> [AIM OF THE EXERCISE]:
Of all the lines below, return only those starting with the line holding "A Date Circled" and going on through the line holding "Patriotic French tip", exactly as written.

> [DATA LISTING]:
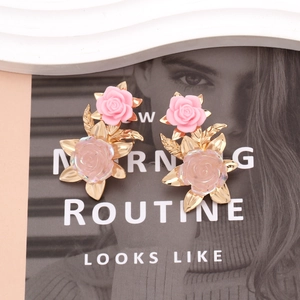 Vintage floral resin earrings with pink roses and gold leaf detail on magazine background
--
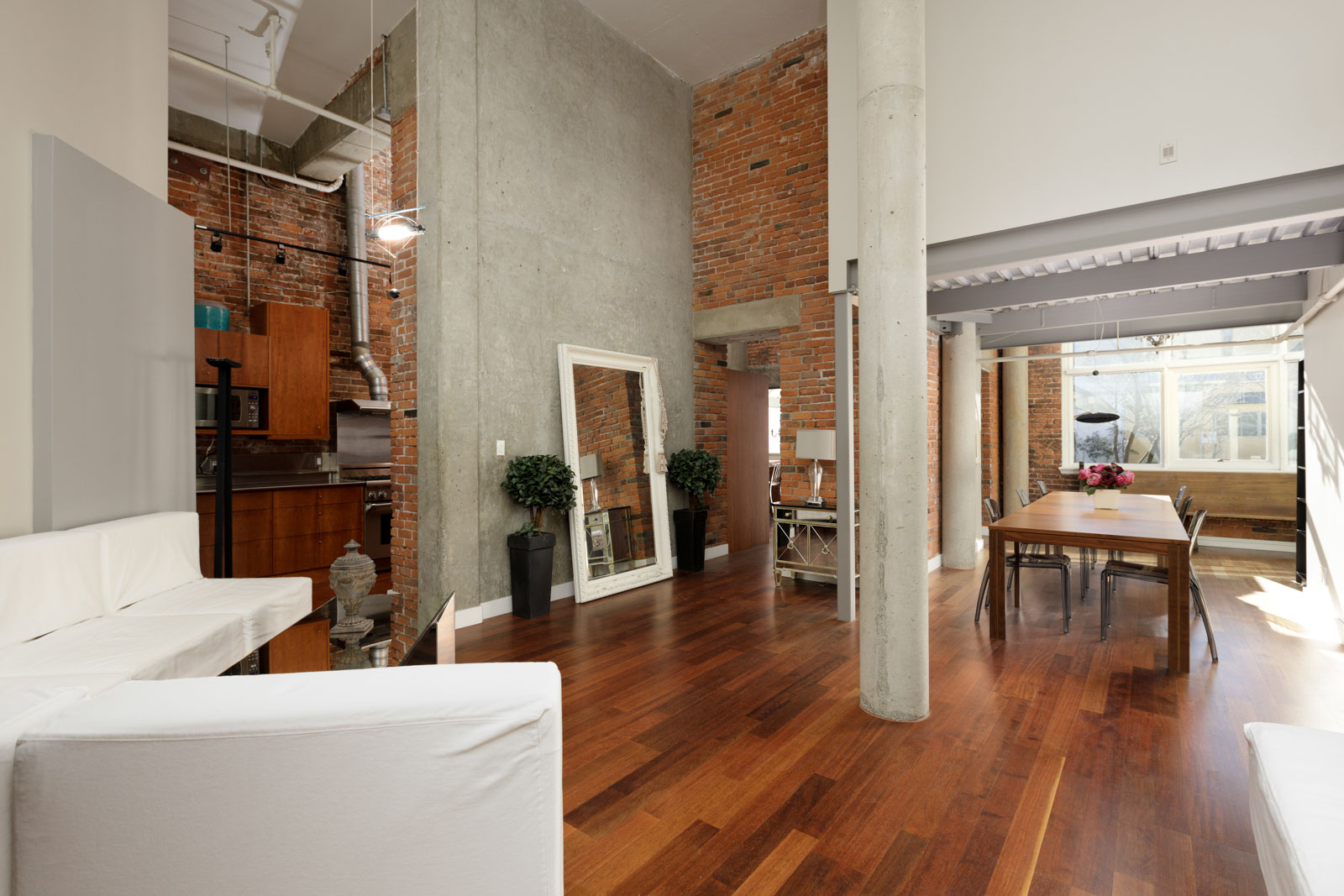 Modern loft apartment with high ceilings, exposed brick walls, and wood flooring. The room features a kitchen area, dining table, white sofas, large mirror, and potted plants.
---
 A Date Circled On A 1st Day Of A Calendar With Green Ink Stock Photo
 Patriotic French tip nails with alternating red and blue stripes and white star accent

> [RESULT OF THIS EXERCISE]:
 A Date Circled On A 1st Day Of A Calendar With Green Ink Stock Photo
 Patriotic French tip nails with alternating red and blue stripes and white star accent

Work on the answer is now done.